I need so much help right now, please...

  • Timothy Bledsoe
    20 years ago

    Have you tried telling them what you have told us? If not, that should be your first course of action.

  • Timothy Bledsoe
    20 years ago

    I'm sorry. I really don't know what to say. I've never had to go through that sort of thing. Maybe you could try to write them each a letter telling them the way you feel, what you want, what you see, everything, and put them in places that they will be sure to find. Maybe if they see it in writing, and I mean handwritten, not typed, it will have more of an impact on them. It's just a suggestion.

  • Timothy Bledsoe
    20 years ago

    Well, all I can say is to talk to them again and don't let it end with a "We love you no matter what happens." I'm sorry I don't have any better suggestions.

  • Kaitlin Kristina
    20 years ago

    The biggest cause of second divorcces are....

    Kids.

    You are adding stress to their relationship that isnt necessary. I dont want to sound harsh when I say this, because I am saying it in the sweetest and best intended way possible, but you need to grow up and realize that resenting the fact your family isnt together anymore isnt going to FIX it or get your parents back together, plus it sounds like your dad wasnt a great parent anyway.

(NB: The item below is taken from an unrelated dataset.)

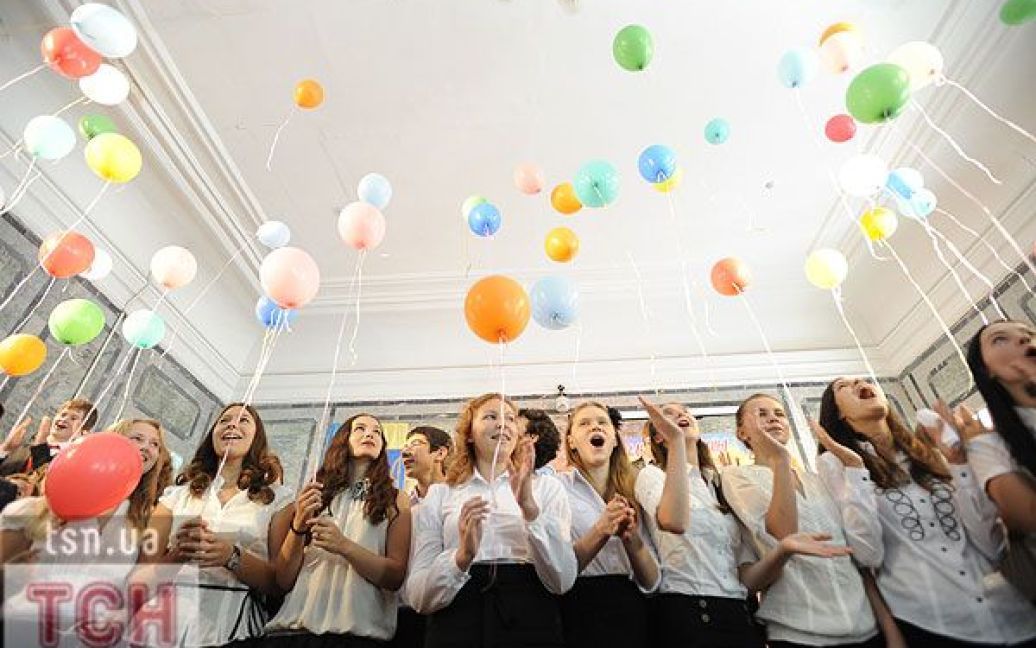 В перший день осені по всій Україні пролунали перші дзвоники, які сповістили про початок нового навчального року. / © Євген Малолєтка/ТСН.ua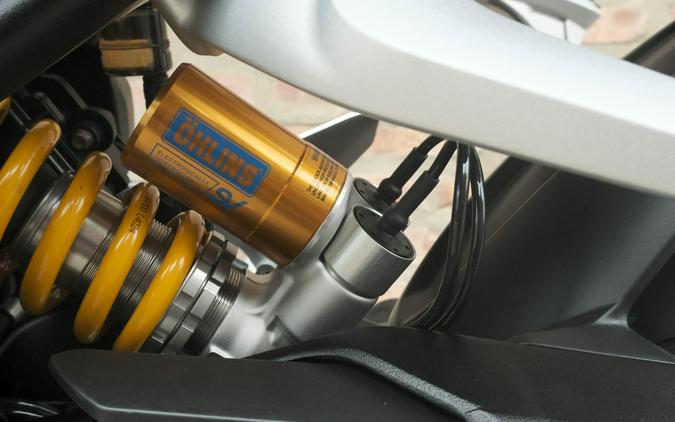 2025 Triumph Speed Triple 1200 RS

    You are angry, and that's understandable, but resentment is like taking poison in hopes your enemy will die, you are hurting YOU first and foremost, and then their relationship. You have to try your best to move on and be alright with the situation, make the most of it, because you cannot change it.

    You should write him a letter telling him how much you appreciate him. Tell him that you know you've been mean, but that you really do care for him and appreciate his efforts. Basically say what you said in this post, that you fear his leaving because your mom will be unhappy, and that you do look at him and his kids as your family, etc. It will mean the world to him.

    My parents are 2 years into their divorce and it still hasnt been settled, but my dad has had a girlfriend for 2 years, she has lived with us for a year and a half. This whole ordeal of my very dysfunctional family is a very long story, so I will sum it up to the fact that I went through a little stage of rebellion against my dads girlfriend, but after a few weeks came to realize that their relationship was none of my business and I wanted my dad happy.